EXTRACTED MATERIAL >>
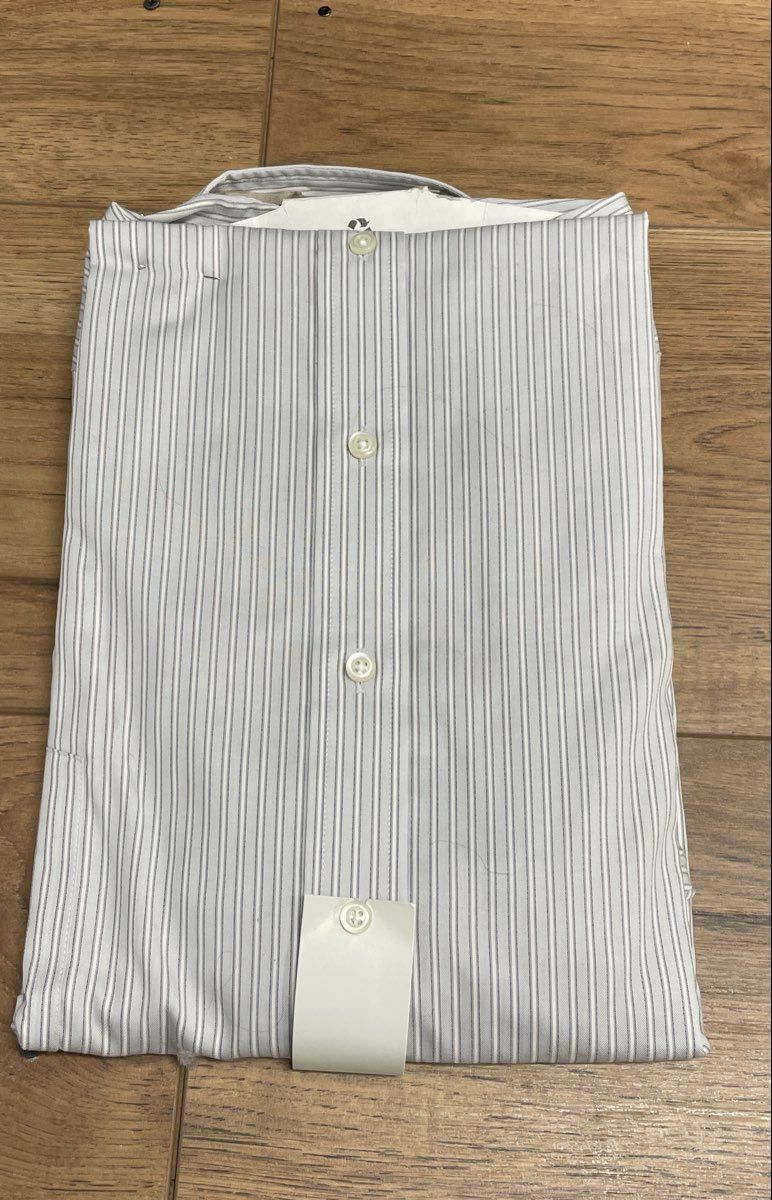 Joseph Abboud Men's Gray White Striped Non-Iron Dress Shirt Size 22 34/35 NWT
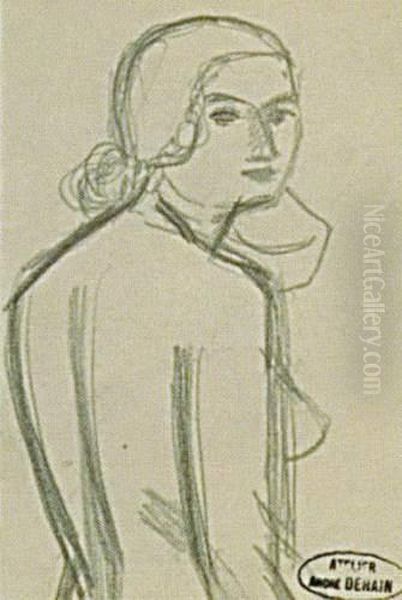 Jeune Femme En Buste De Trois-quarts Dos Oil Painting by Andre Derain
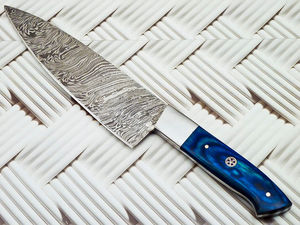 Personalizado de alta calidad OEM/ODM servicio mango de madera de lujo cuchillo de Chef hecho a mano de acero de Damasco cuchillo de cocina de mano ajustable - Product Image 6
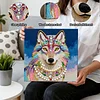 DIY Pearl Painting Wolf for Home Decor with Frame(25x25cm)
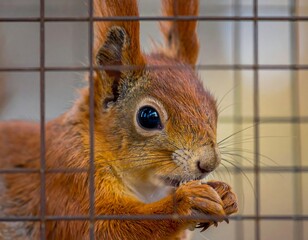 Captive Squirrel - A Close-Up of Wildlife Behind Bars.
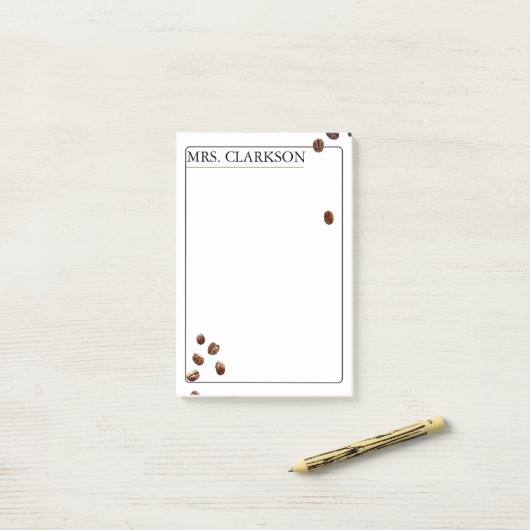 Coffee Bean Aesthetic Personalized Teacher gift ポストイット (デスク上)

EXERCISE >> Your copy should consist solely of the lines from the line containing "Jeune Femme En" through the last line of the records above, reproduced exactly, with the pictures left out.

ANSWER >>
 Jeune Femme En Buste De Trois-quarts Dos Oil Painting by Andre Derain
 Personalizado de alta calidad OEM/ODM servicio mango de madera de lujo cuchillo de Chef hecho a mano de acero de Damasco cuchillo de cocina de mano ajustable - Product Image 6
 DIY Pearl Painting Wolf for Home Decor with Frame(25x25cm)
 Captive Squirrel - A Close-Up of Wildlife Behind Bars.
 Coffee Bean Aesthetic Personalized Teacher gift ポストイット (デスク上)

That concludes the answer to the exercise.